HELENA – Montana Attorney General Austin Knudsen led an effort joined by 16 other state attorneys general to halt Hawaii’s unconstitutional gun ban which prohibits the carry or possession of firearms in designated “sensitive” places, including bars and restaurants serving alcohol, parks and beaches, banks and financial institutions, and other areas.
The attorneys general filed an amicus brief Tuesday in the case of Wolford v. Lopez, in support of three residents and the Hawaii Firearms Coalition in their lawsuit to overturn the ban, known as Act 52. Following a U.S. District Court decision that blocked Hawaii from enforcing much of the ban, the state appealed to the Court of Appeals for the Ninth Circuit.
“The district court judge came to the correct conclusion after applying Supreme Court precedent: this overreaching ban is a violation of the Second Amendment,” Attorney General Knudsen said. “Montanans’ right to keep and bear arms doesn’t end at our state’s borders. My office will continue to fight to uphold the Second Amendment and ensure strong precedent around the nation.”
Following the U.S. Supreme Court decisions in District of Columbia v. Heller and New York State Rifle & Pistol Association, Inc. v. Bruen, courts must determine whether modern firearm regulations are consistent with the Second Amendment’s text and historical understanding. In this case, the district court correctly held that Hawaii’s historical evidence fails to establish an “enduring American tradition” of restricting the right to carry in public parks, beaches, banks, financial institutions, or bars and restaurants.
Hawaii’s reliance on late-nineteenth-century restrictions in support of the ban fails to show a historical tradition of similar restrictions. Hawaii only points to two pre-1868 local ordinances of two specific New York parks and it points to one Pennsylvania state law, enacted in 1868. Bruen proves three localized restrictions between 1791 and 1868 “cannot overcome the overwhelming evidence of an otherwise enduring American tradition permitting public carry.”
Hawaii also fails to produce relevantly similar historical public carry restrictions in banks and financial institutions. They argue that the provision in Act 52 addressing financial institutions is “relevantly similar” to historical regulations prohibiting public carry in fairs and markets.

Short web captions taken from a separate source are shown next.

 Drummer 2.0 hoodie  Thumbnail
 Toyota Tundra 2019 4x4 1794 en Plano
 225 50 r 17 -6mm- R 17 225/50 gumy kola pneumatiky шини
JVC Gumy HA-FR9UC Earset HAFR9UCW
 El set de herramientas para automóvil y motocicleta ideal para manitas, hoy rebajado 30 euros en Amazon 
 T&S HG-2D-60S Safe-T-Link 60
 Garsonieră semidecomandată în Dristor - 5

The district court rightly rejected this flawed argument.
Further, Hawaii’s limited historical evidence fails to establish a historical tradition of public carry bans in bars and restaurants serving alcohol. Although Hawaii points to three state laws that largely mirror Act 52 and were passed between 1853 and 1890, the brief makes clear that even if these three laws are relevantly similar, the bare existence of three localized restrictions on their own “cannot overcome the overwhelming evidence of an otherwise enduring American tradition permitting public carry.”
“Even if Reconstruction-era statutes and local ordinances can provide probative evidence of the Second Amendment’s original meaning, Hawaii’s evidence still fails to identify relevantly similar historical analogues for Act 52’s sensitive-place restrictions. Sweeping aside Hawaii’s irrelevant evidence leaves little remaining historical support for Act 52’s sensitive-place restrictions, and the district court refused to give Hawaii’s evidence ’more weight than it can rightly bear.’ This Court should affirm,” the attorneys general state in the brief.

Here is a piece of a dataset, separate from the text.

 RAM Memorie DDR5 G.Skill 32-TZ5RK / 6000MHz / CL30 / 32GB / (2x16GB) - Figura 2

Click here to read the full brief.
Attorneys general from Alabama, Alaska, Arkansas, Georgia, Idaho, Indiana, Iowa, Kansas, Louisiana, Mississippi, Missouri, Oklahoma, South Carolina, Utah, West Virginia, and Wyoming also signed on in support.
Attorney General Knudsen has been actively fighting the targeting of the firearms industry and Montanans’ gun rights. He asked major shipping companies to clarify their gun-purchase tracking policies and called on YouTube to stop censoring firearm-related speech. He also filed a lawsuit against the Biden administration’s unlawful pistol brace rule. In August, he led a coalition of 19 attorneys general to halt a Maryland county’s unconstitutional gun ban in places of public assembly and in the 100-yard “buffer zones” around them. In March, Attorney General Knudsen led a coalition of 18 other state attorneys general in filing amicus briefs regarding cases concerning New York’s unconstitutional law making it a felony to possess a firearm in “sensitive places,” which it defines to include “any place of worship or religious observation.”